Activity – Transcribe only what runs from the line containing "Júlio (Antonio Calloni)" through the final line below, exactly, and leave every picture out.

Given data –
----

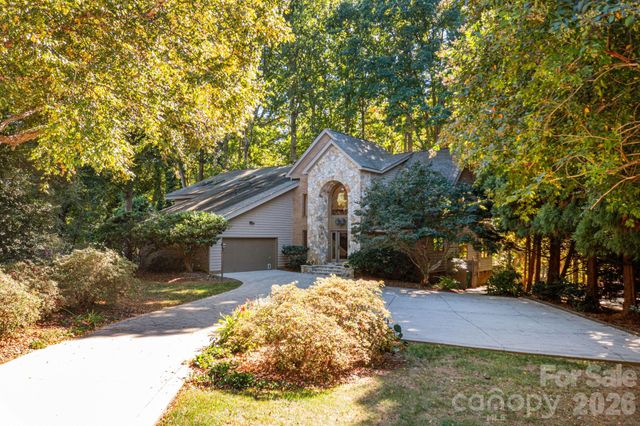 19322 Yachtman Drive, Cornelius, NC 28031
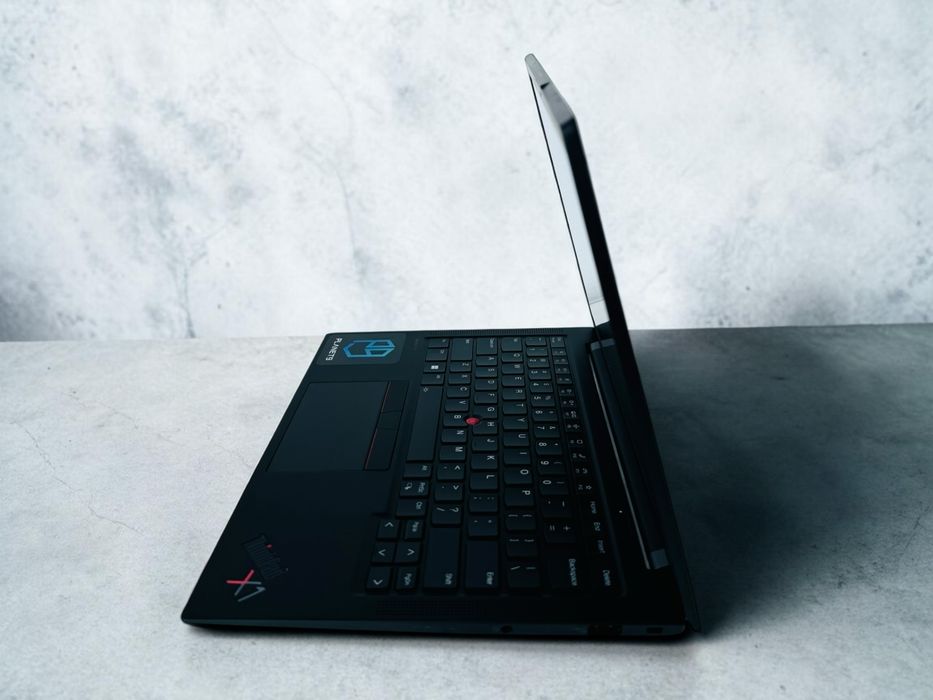 Лаптоп Lenovo ThinkPad X1 Carbon Gen 11 14" WUXGA Intel Core i7-1355U 16GB 256GB Гаранция!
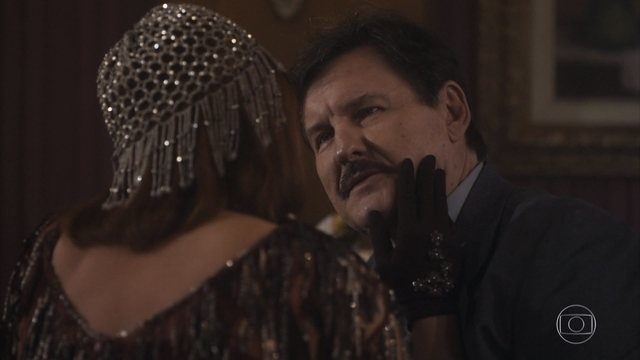 Júlio (Antonio Calloni) e Marion (Ellen Roche) em Éramos Seis (Foto: Reprodução/Globo)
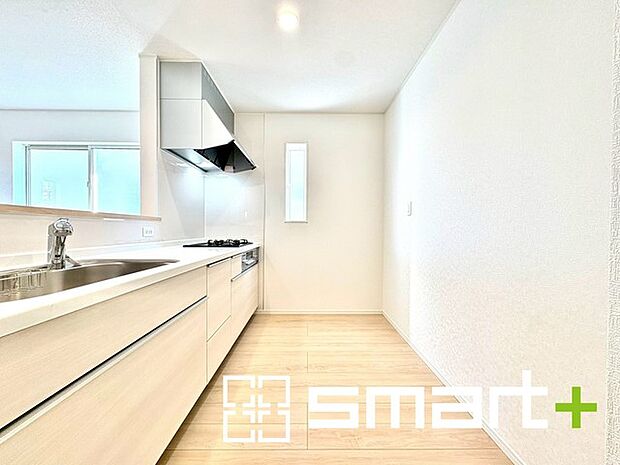 ~使い勝手の良いシステムキッチン~ ・料理がしやすい設計のキッチンでお料理もはかどりますね。 ・もちろんキッチン下部は収納になっておりますので、フライパンなども収納可能です。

----

Task result –
 Júlio (Antonio Calloni) e Marion (Ellen Roche) em Éramos Seis (Foto: Reprodução/Globo)
 ~使い勝手の良いシステムキッチン~ ・料理がしやすい設計のキッチンでお料理もはかどりますね。 ・もちろんキッチン下部は収納になっておりますので、フライパンなども収納可能です。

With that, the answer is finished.